Required work: Look for the line containing "Close-up of smooth" and the line containing "Tray ceiling with" in the entries below. Copy those two and all lines between them exactly, leaving out pictures.

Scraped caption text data

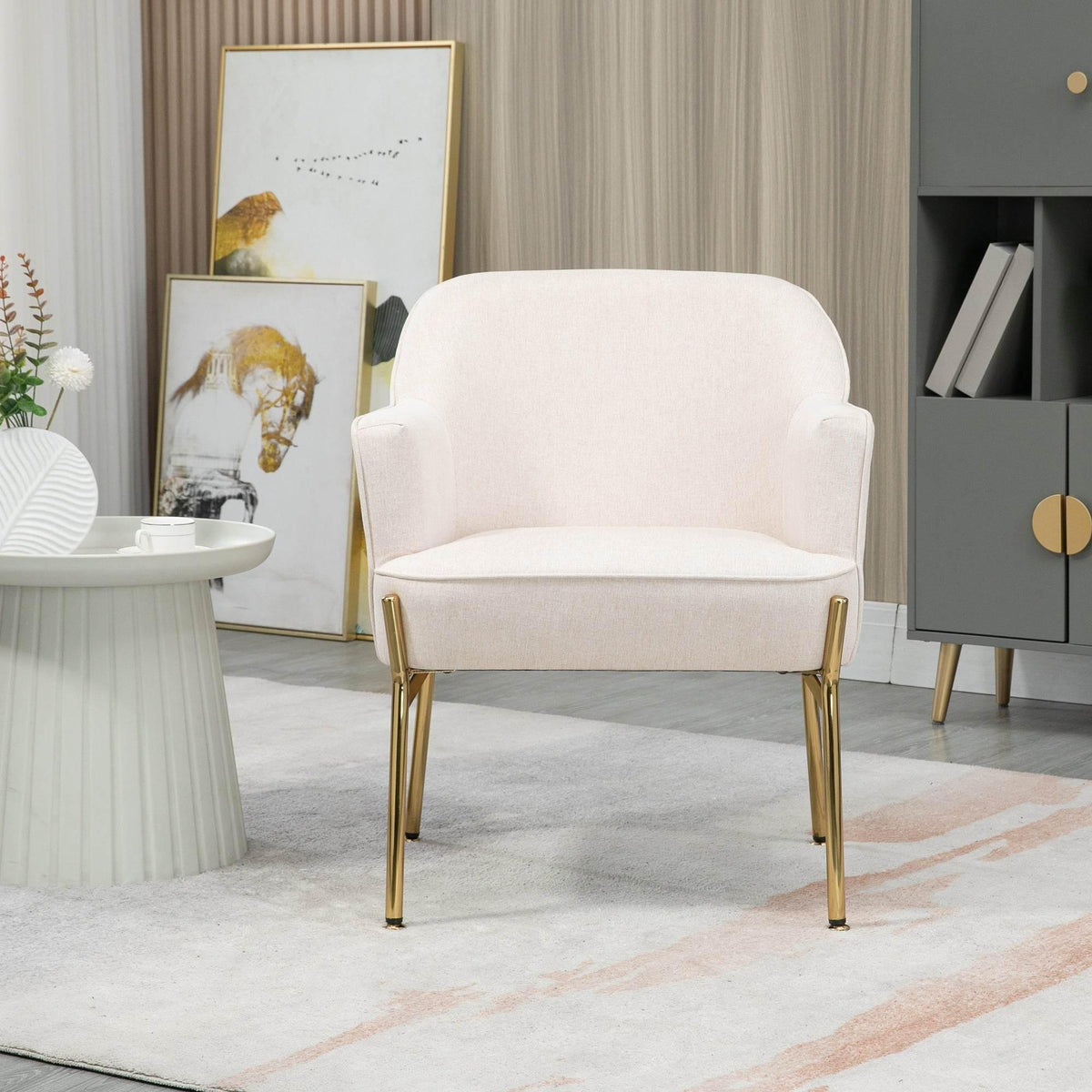 Cream armchair with rounded back, upholstered seat, and shiny gold legs
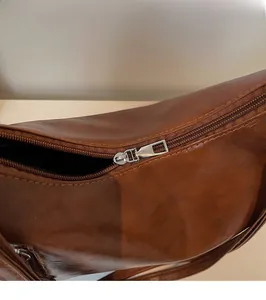 Close-up of smooth silver metal zipper on a brown vintage leather shoulder bag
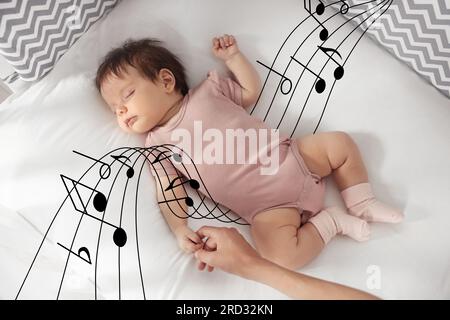 Canzoni ninnananna. Madre che tiene la mano del bambino addormentato sul letto, vista dall'alto. Illustrazione di note musicali volanti intorno al bambino Foto Stock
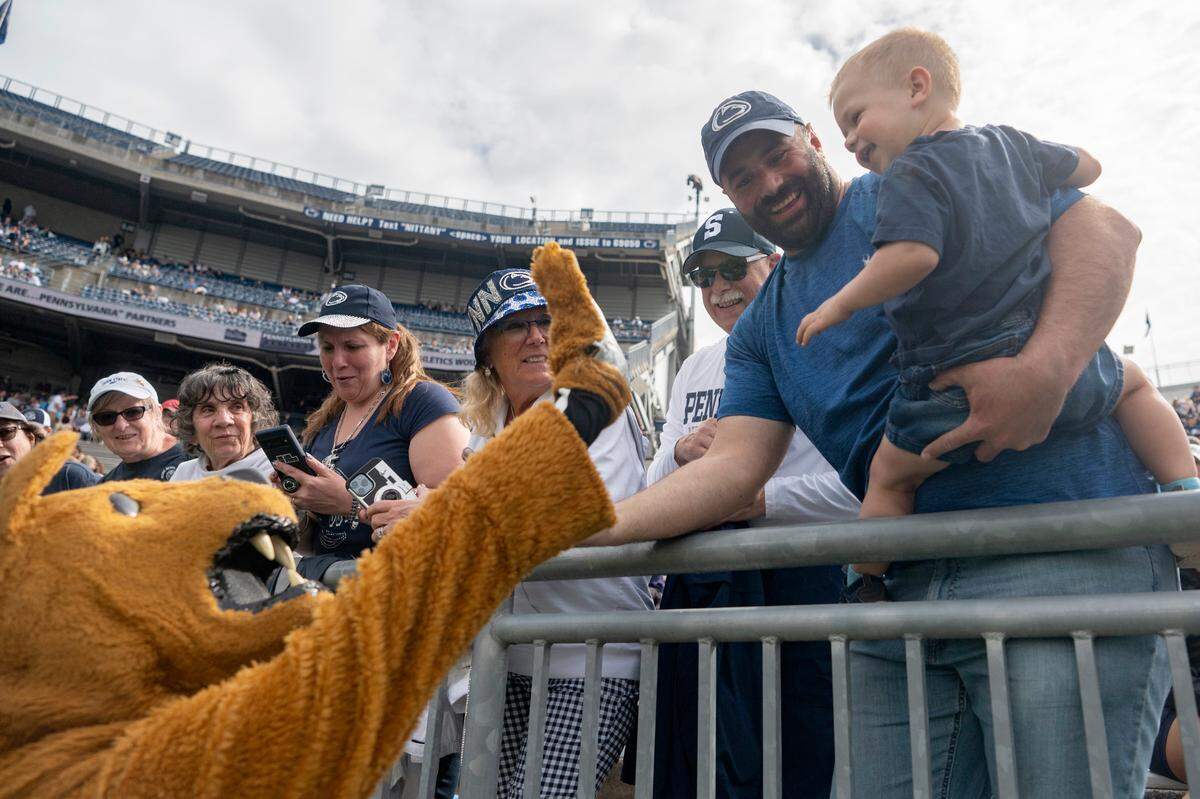 The Penn State Nittany Lion high fives a young fan during the Penn State Blue-White game on Saturday, April 15, 2023.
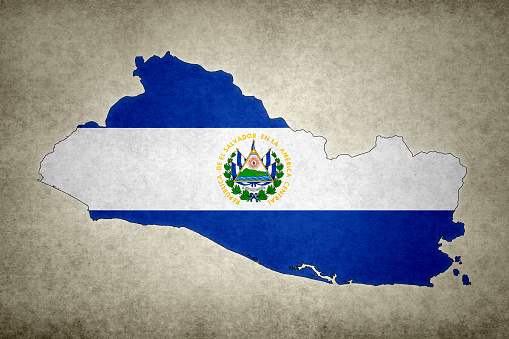 Grunge map of El Salvador with its flag printed within its border on an old paper.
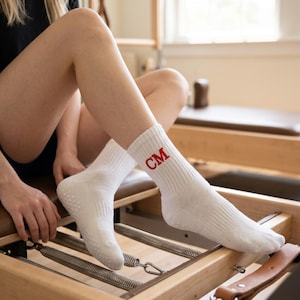 Op de afbeelding: Witte sportsokken met de rode initialen "CM" zijn zichtbaar. De sokken hebben een getextureerde zool en worden gedragen tijdens het gebruik van een Pilates reformer machine. De sokken zijn gemaakt van een zacht, comfortabel materiaal.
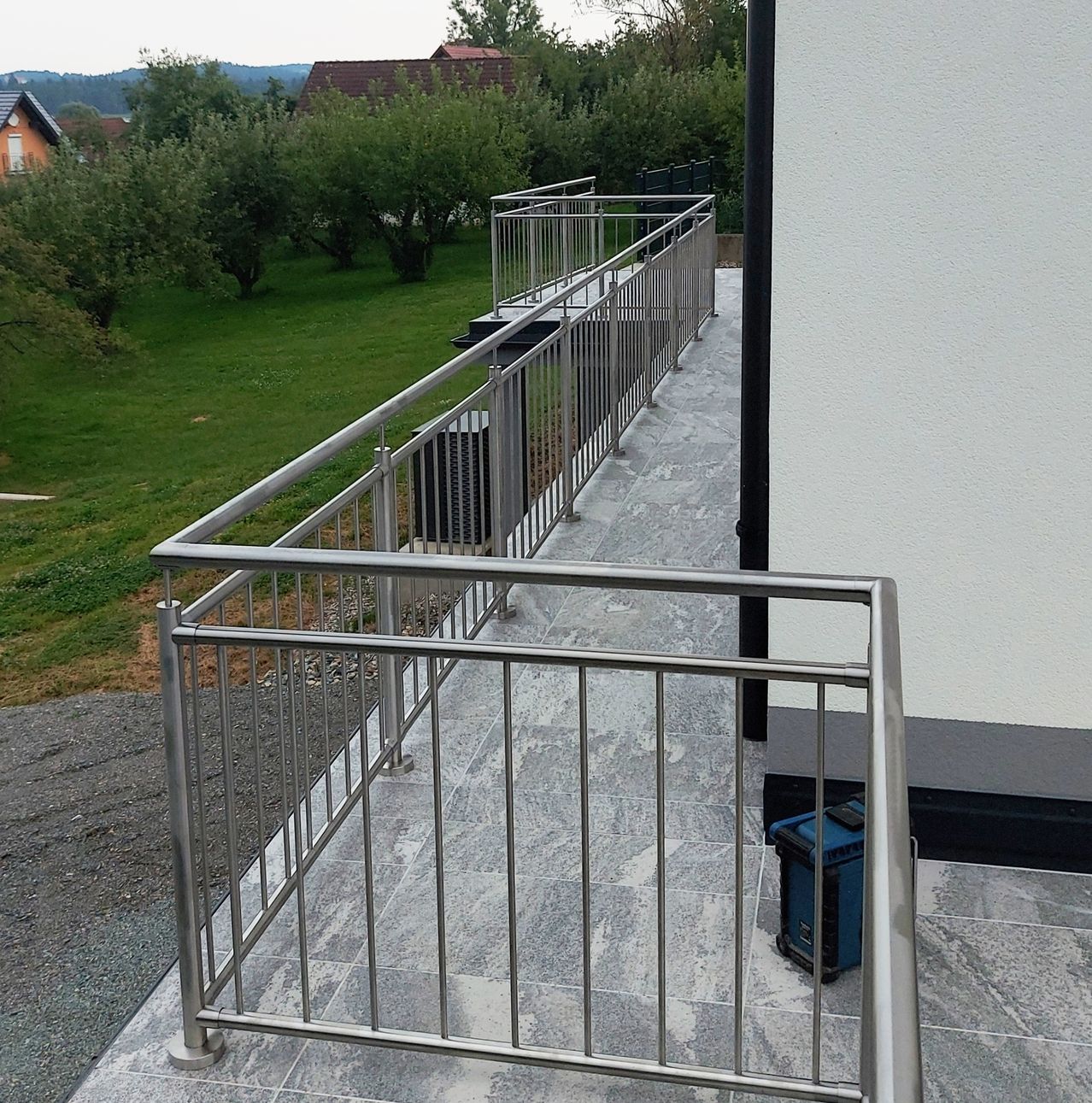 Ein Balkon mit einem modernen Geländer und Blick auf eine Rasenfläche und Bäume.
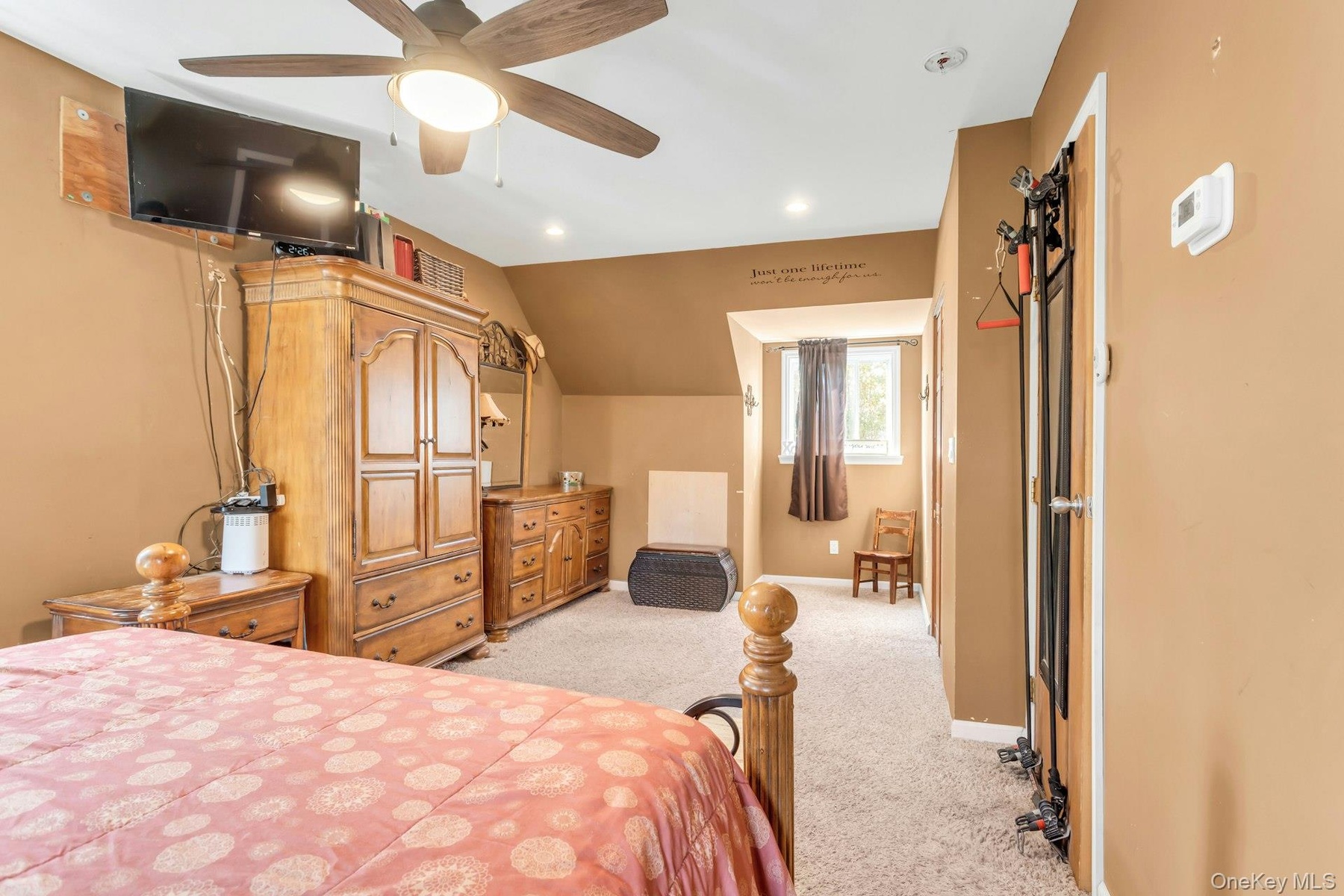Tray ceiling with recessed lighting and a ceiling fan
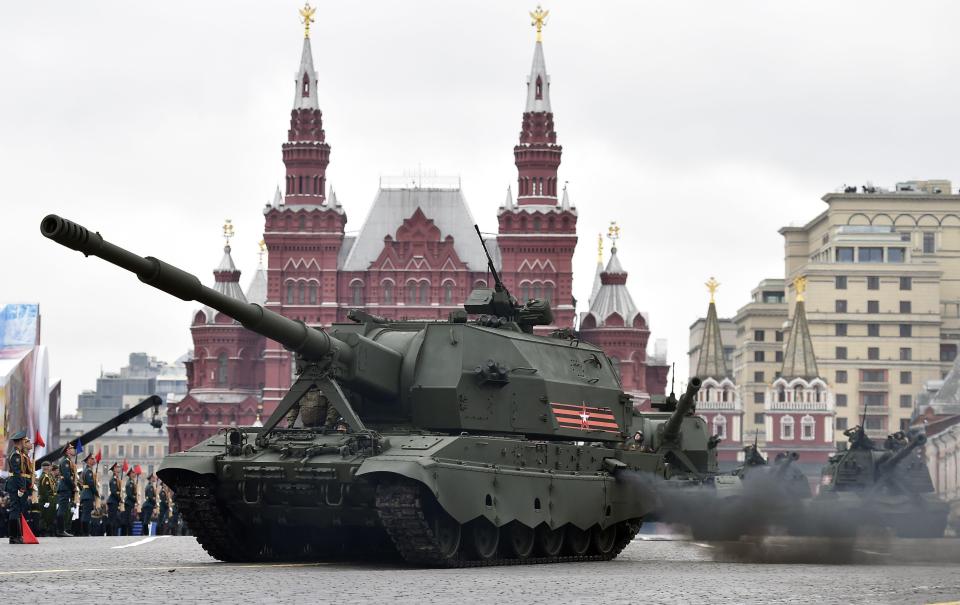  Dozens of tanks also rolled through the square as part of the celebrations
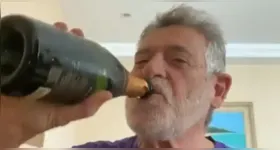 Ator aparece abrindo uma garrafa de champanhe ao som do hino nacional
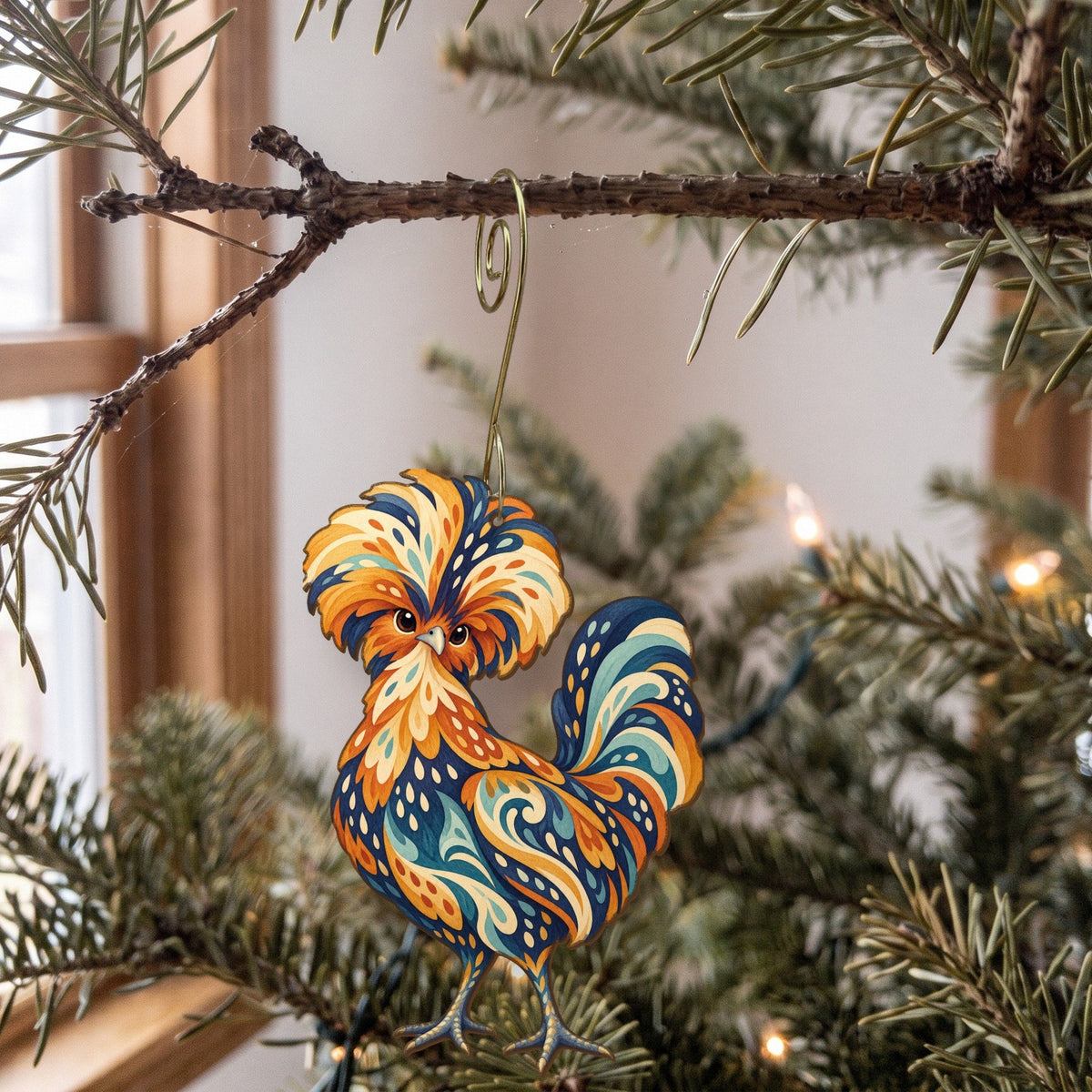Laser-cut maple wood Polish Crested Chicken folk art ornament O498 hanging on a fir branch, made in USA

Written solution:
 Close-up of smooth silver metal zipper on a brown vintage leather shoulder bag
 Canzoni ninnananna. Madre che tiene la mano del bambino addormentato sul letto, vista dall'alto. Illustrazione di note musicali volanti intorno al bambino Foto Stock
 The Penn State Nittany Lion high fives a young fan during the Penn State Blue-White game on Saturday, April 15, 2023.
 Grunge map of El Salvador with its flag printed within its border on an old paper.
 Op de afbeelding: Witte sportsokken met de rode initialen "CM" zijn zichtbaar. De sokken hebben een getextureerde zool en worden gedragen tijdens het gebruik van een Pilates reformer machine. De sokken zijn gemaakt van een zacht, comfortabel materiaal.
 Ein Balkon mit einem modernen Geländer und Blick auf eine Rasenfläche und Bäume.
Tray ceiling with recessed lighting and a ceiling fan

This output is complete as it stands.